Worse still, cortisol suppresses nitric oxide production by increasing oxidative stress and directly inhibiting eNOS function, thus creating a vicious circle:

Low NO → Poor circulation → Physiological stress → High cortisol → Even lower NO

Where Bacon and Ham Fit In: The Case for Nitrite-Rich Foods

Cured meats like bacon and ham have been traditionally made with sodium nitrite (NaNO₂), a compound that, in moderation and with antioxidant protection (like ascorbate), acts as:

  • A preservative
  • A flavour and natural colour stabiliser
  • And critically, a source of dietary nitrite which becomes nitric oxide

In the stomach and bloodstream, nitrite is converted into nitric oxide, especially in low-oxygen tissues like muscles during exercise or ageing capillary beds.

Why this is helpful as you age:

  1. Supports blood flow to tissues with impaired perfusion
  2. Counters cortisol-driven NO suppression
  3. May lower blood pressure and reduce vascular inflammation
  4. Improves mitochondrial efficiency and oxygen use

The Bacon-and-Ham Advantage Over Leafy Greens Alone

While nitrate-rich vegetables like beetroot and spinach are excellent for NO, meats have advantages:

  • Nitrite in cured meats is more directly converted to NO than vegetable nitrate.
  • NO generation from meat nitrite doesn’t depend on stomach acid (which declines with age).
  • Fat in bacon and ham enhances the absorption of fat-soluble co-factors like vitamin D, also important in ageing.

What About Cancer Risk?

Modern nitrite usage in meats is tightly controlled and always combined with ascorbate or erythorbate, which inhibit nitrosamine formation. In addition:

  • Vegetables contain up to 50 times more nitrate than bacon and are still considered health-promoting.
  • Most bodily nitrite and nitrate comes from saliva and vegetables, not meat.

Besides these, by legislation, all bacon and ham products have either ascorbate or erythorbate added, which completely blocks any possibility for nitrosamine formation. Inclusion levels of nitrites in bacon and ham are minuscule. Ham is not fried, which means there is zero risk for nitrosamine formation, and bacon is typically fried at temperatures too low for these compounds to form.

In particular, some British and European scientists continue to promote this narrative for political point scoring or economic advantage. These claims have been thoroughly discredited and debunked. The entire matter is a complete red herring. It is a non-issue.

The nitrogen cycle in the human body is now properly understood. Nitrate, nitrite and nitric oxide are physiologically essential for good health.

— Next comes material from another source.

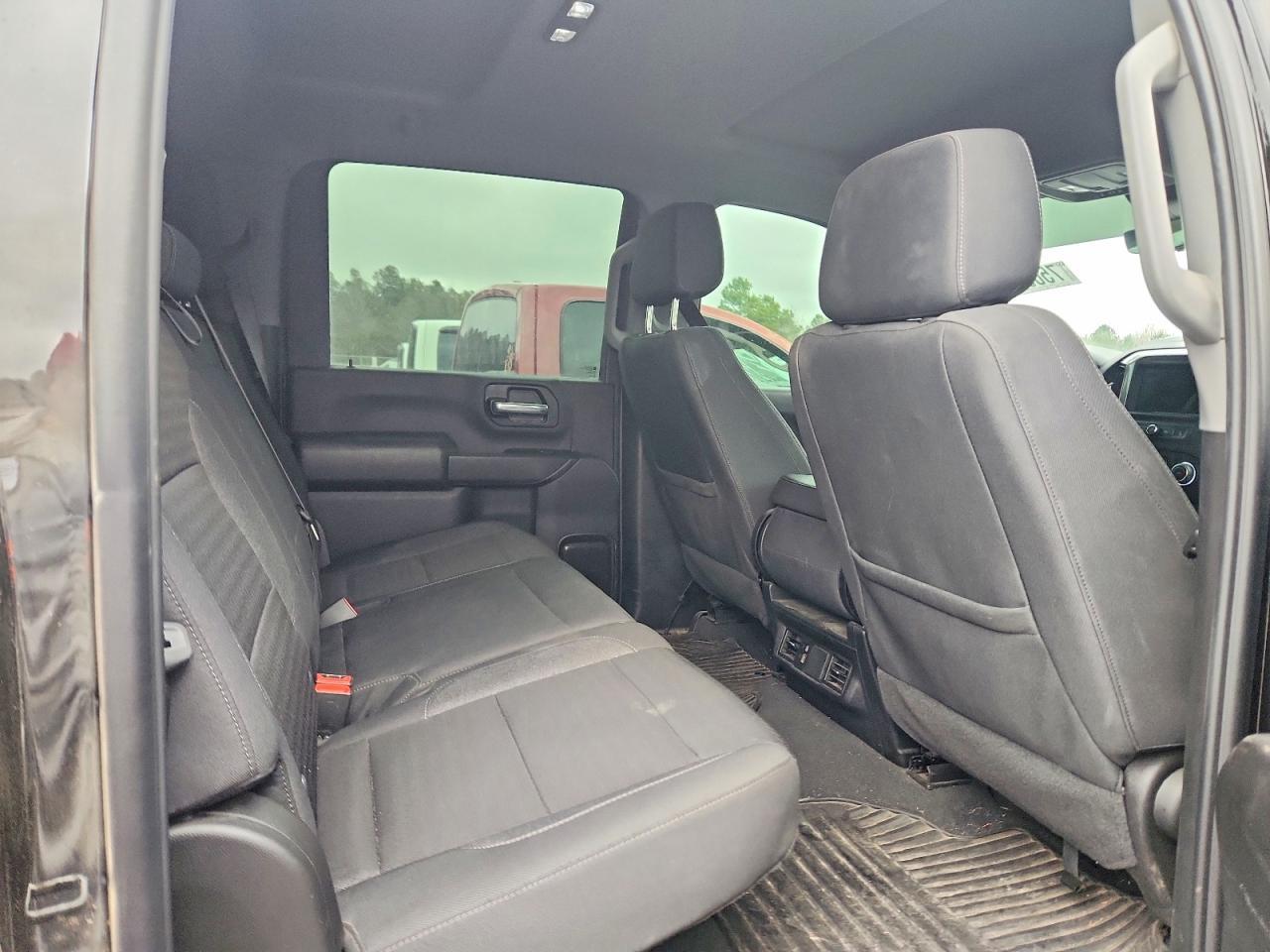 2024 Chevrolet Silverado K2500 Custom - zdjęcie 11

Does Nitric Oxide Suppress Cortisol?

Not directly but higher nitric oxide improves circulation, tissue oxygenation, and metabolic flexibility. These physiological improvements:

  • Reduce the activation of the HPA axis
  • Lessen the severity of stress signals
  • Help the body recover more quickly after stress, lowering cortisol peaks and duration

In this way, supporting NO may be an indirect but potent tool to keep cortisol levels balanced.

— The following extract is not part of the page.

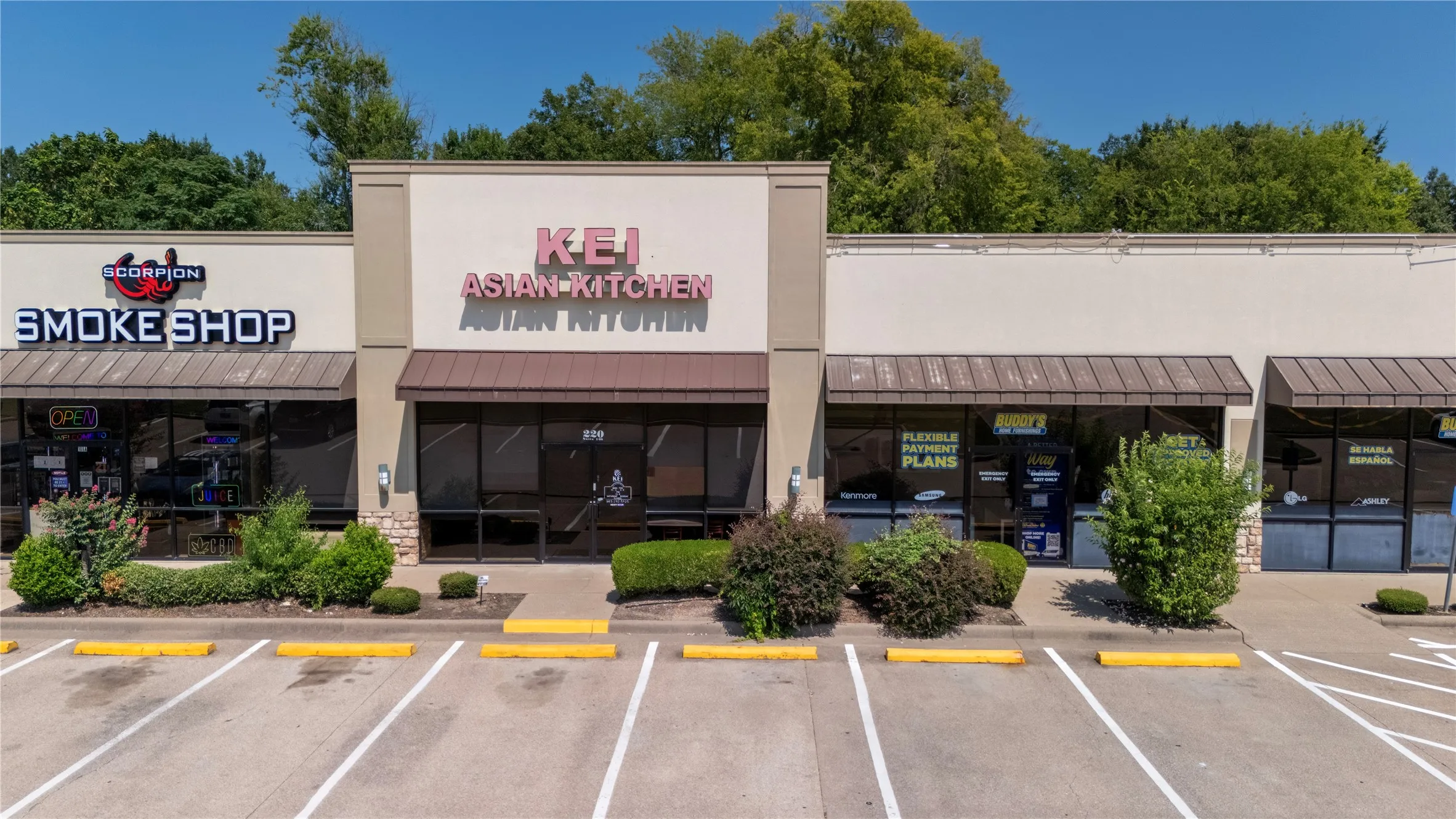 Retail For Sale in Henderson County , 210/220 CRESTWAY Drive, Athens, Texas 75751, 0, 0, Garage spaces, 0 Sqft, built in 2006, mls#21353116, Real Estate Agent in Athens, Homes For Sale in Henderson county, Homes For Sale in Athens, Realtor in Athens Texas, Real Estate Brokerage Independent Realty Texas, Luminita Cordes Realtor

Conclusion: A Smarter Way to Age

Ageing doesn’t have to mean surrendering to slow circulation, constant fatigue, or chronic stress. A scientifically grounded strategy involves:

  • Supporting endogenous nitric oxide production
  • Minimising chronic cortisol activation
  • Using targeted foods like cured meats (bacon, ham) to supplement dietary nitrite

This isn’t a call for overconsumption but a case for reintroducing cured meats into the nutritional toolbox, especially for active older adults, mountaineers, and those managing age-related vascular and stress challenges.

So yes, if you’re climbing mountains, managing a business, or just trying to keep sharp after sixty, have that bacon and ham sandwich. Your blood vessels and adrenal glands might just thank you.